Mario Perniola e il nulla là fuori
Intelligente com’era, il filosofo sapeva che niente può resistere senza un contesto e dunque sottolineava l’importanza di istituzioni come la famiglia e le università
“La donna e la letteratura, gli unici due miei dèi, le due uniche cose sacre in tutta l’ambiguità di questa parola, sono poi riportabili a un unico principio che è quello del prolungamento della vita oltre la morte”. Spesso le prefazioni le salto ma stavolta per fortuna non l’ho fatto e così non mi sono perso questo illuminante pensiero scritto da Mario Perniola due anni prima di morire, oggi stampato nella riedizione di un suo romanzo del 1968: “Tiresia” (Mimesis).
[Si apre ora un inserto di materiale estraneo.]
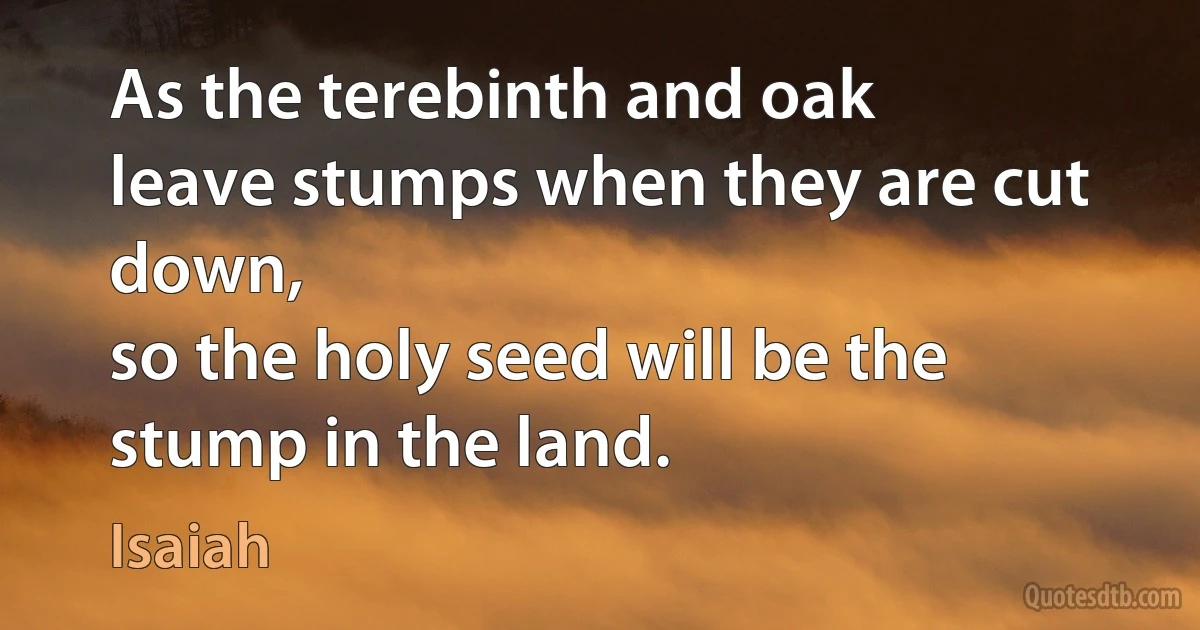 As the terebinth and oak
leave stumps when they are cut down,
so the holy seed will be the stump in the land. (Isaiah)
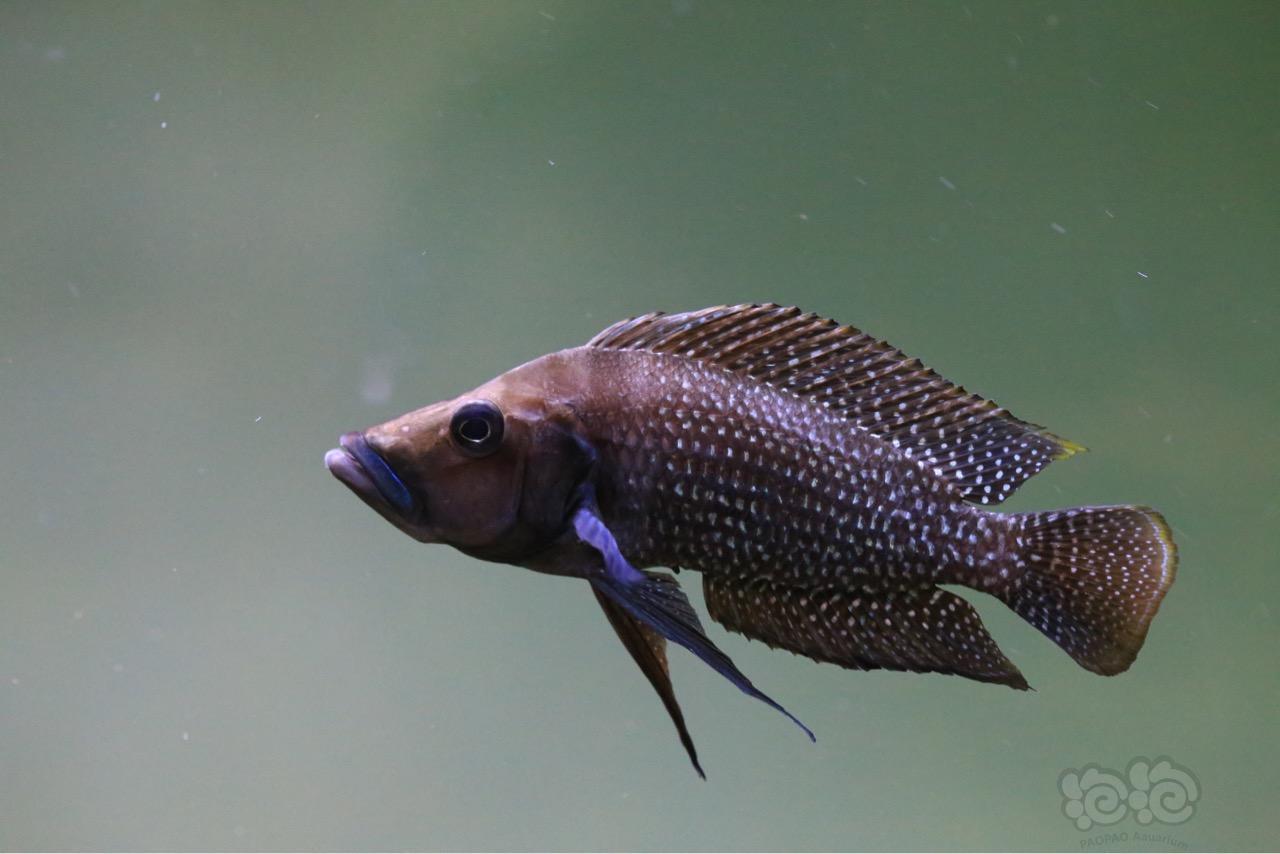 三湖慈鲷宗威黑喷虎来一组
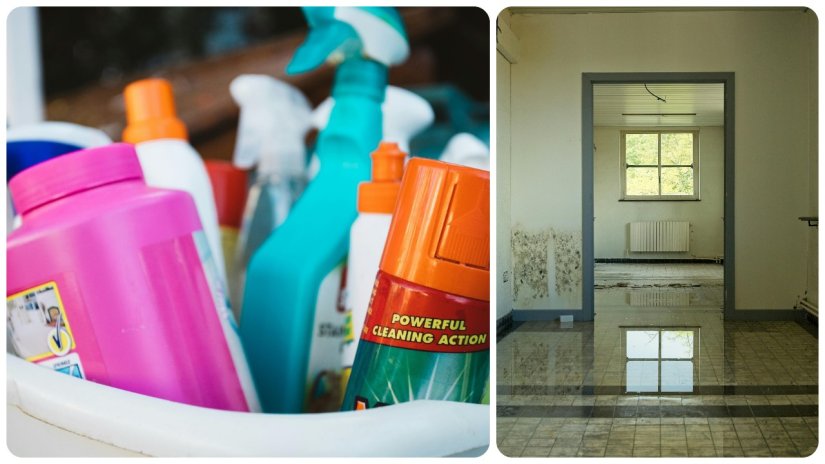 I-VENT Internet je prepun "čudesnih" proizvoda za eliminaciju vlage i gljivica; da li stvarno djeluju?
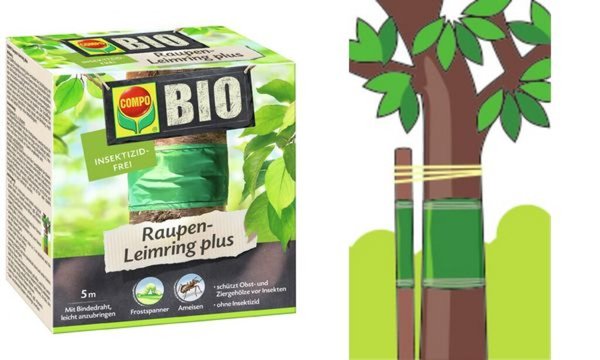 Image COMPO_BIO_Raupen-Leimring_5_m_600_10009_img1_4387992.jpg Image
Basta guardare la data e sapere che l’autore è un filosofo per intuire che non si tratta di un romanzo-romanzo, di un romanzo-sceneggiatura come i romanzi che vanno in classifica, bensì di un romanzo di idee, di un romanzo per l’appunto filosofico. Torno alla prefazione: Perniola non accettava che la morte fosse la fine di tutto e per non finire puntava sulle donne, quindi sui figli, e sulla letteratura, quindi sui libri. Intelligente com’era, sapeva che nulla può resistere senza un contesto e dunque sottolineava “l’importanza delle istituzioni – la famiglia e le università – le quali, pur nella loro insopportabile costrizione, garantiscono la sopravvivenza dei figli e delle opere”. Si riconosca in Perniola un pensatore squisitamente conservatore, ossia realista: che palle la famiglia e l’ateneo (e il museo, la biblioteca…), che nulla là fuori.